卒業後、漢方ブランド「DAYLILY」を
起ち上げ、おしゃれでかわいい、
気持ちも体調も上がるような
漢方ライフを提案しています。

「台湾での漢方の存在感や立ち位置は、
日本でのそれとは少し違います」
とエリさん。
曰く、台湾での漢方は、
「もっと身近で、普段の生活にあるもの」
なんだそうです。
普段の生活に漢方があるって、
毎日漢方薬を飲んでるってこと…?
と思ったら、そうではない様子。
台湾の人たちは、漢方の知識や考え方を
普段の生活に取り入れて、
自分の体と上手に
お付き合いしているようなのです。

そんな台湾の人たちの生活について
エリさんが書いてくれることになりました。
漢方のこと、台湾の人たちのこと、
わたしたちの体のこと、
みなさんと一緒に
楽しみながら知っていきたいです。
不定期連載、編集担当は深谷です。


プロフィールサンプル画像
王怡婷(ワン・イーティン)

通称エリさん。
台湾の台北市にある漢方薬局に生まれ育つ。

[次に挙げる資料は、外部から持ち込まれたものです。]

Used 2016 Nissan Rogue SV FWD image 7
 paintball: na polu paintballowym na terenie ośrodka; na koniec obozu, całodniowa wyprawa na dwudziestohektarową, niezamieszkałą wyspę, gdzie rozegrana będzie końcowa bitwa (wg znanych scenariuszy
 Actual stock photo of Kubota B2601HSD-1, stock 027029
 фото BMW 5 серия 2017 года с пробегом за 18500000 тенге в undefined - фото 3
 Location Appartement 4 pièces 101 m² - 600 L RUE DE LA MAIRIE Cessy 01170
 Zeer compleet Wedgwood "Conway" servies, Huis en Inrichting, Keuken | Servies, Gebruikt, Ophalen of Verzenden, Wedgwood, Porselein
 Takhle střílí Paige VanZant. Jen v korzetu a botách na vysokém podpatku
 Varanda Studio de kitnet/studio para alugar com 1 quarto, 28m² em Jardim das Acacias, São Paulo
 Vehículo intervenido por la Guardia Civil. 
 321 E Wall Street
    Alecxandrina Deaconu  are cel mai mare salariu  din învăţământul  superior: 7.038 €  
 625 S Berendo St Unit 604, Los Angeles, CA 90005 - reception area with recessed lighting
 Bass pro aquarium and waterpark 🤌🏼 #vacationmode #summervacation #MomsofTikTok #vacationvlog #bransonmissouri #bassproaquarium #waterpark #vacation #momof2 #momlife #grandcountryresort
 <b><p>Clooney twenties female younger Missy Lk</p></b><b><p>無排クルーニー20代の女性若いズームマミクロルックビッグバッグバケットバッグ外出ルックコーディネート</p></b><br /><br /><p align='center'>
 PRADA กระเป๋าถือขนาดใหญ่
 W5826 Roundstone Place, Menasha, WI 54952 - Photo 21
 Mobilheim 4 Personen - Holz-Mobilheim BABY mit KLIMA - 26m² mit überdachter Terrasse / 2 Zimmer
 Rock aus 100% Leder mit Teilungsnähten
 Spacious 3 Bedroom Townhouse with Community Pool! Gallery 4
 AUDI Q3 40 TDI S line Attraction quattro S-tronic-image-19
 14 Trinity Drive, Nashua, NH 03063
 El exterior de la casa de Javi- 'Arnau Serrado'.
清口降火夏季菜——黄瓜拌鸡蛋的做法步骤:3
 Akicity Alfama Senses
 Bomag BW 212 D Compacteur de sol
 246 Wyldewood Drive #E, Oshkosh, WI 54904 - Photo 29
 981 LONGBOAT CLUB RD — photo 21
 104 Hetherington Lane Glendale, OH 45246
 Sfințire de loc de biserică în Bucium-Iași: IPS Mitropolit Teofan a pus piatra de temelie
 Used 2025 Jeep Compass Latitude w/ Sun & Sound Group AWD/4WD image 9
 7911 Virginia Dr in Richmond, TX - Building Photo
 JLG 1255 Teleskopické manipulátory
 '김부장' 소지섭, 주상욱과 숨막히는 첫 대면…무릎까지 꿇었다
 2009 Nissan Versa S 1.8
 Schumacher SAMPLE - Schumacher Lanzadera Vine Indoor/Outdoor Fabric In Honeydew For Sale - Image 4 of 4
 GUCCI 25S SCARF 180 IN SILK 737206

国立台湾師範大学音楽学科修了後、ニューヨークでクラリネット奏者として活動。その後、慶應義塾大学大学院メディアデザイン研究科修士課程を修了。卒業後、大学院時代の先輩である小林百恵(こばやしもえ)さんと一緒に、漢方のライフスタイルブランド「DAYLILY」を起ち上げ、アジアの女の子たちの体温と気分をあげるべく活動している。
DAYLILYのウェブサイトはこちら


2.母の四神湯

 
旧正月の二日目、うちの食卓には
いつも「四神湯(しせんたん)」があります。
 
 
四神湯は、四種類の生薬が入ったスープ。
やまいもを乾燥させた「淮山(わいさん)」、
鬼蓮(オニバス)の成熟した種子の
仁を乾燥させた「芡実(けんじつ)」、
蓮の実である「蓮子(れんし)」、
そして、松の根に寄生する
マツホドというキノコの菌核を
乾燥させた「茯苓(ぶくりょう)」です。
他の生薬を使うレシピもあるけれど
うちで使うのは、基本的にこの四種類。
これらの生薬は全て食べられるので、
具だくさんな四神湯を食べれば
それだけでお腹はいっぱいです。
 
 
台湾の人たちは
少し疲れたな、という時や
あまり食欲がない時に四神湯を食べます。
四神湯には、胃や腸の働きを
良くする効果があり、
食べるとお腹から元気が出てくるのです。
また、体のだるさや口の渇き、
むくみの原因となる
体内の余分な水分を出す効果もあり、
体と心を軽くしてくれます。
 
 
この四神湯は、わたしの母の得意料理。
いつも、父の店の生薬を使ってつくります。
旧正月の初日にご馳走を食べて疲れた胃に、
四神湯は優しい。
旧正月二日目の四神湯には、
「みんなが気持ちよく食べられるように」
という、わたしの母の想いがあります。
 
 
と、ここまで、四神湯について
たくさん紹介してきましたが、
一体、どんな感じの食べものでしょう。
 
 
実は、四神湯の見た目は
ちょっと怖いです。
なので、日本の友人に紹介する時は
いつも少し緊張します。
 
 
これが四神湯です。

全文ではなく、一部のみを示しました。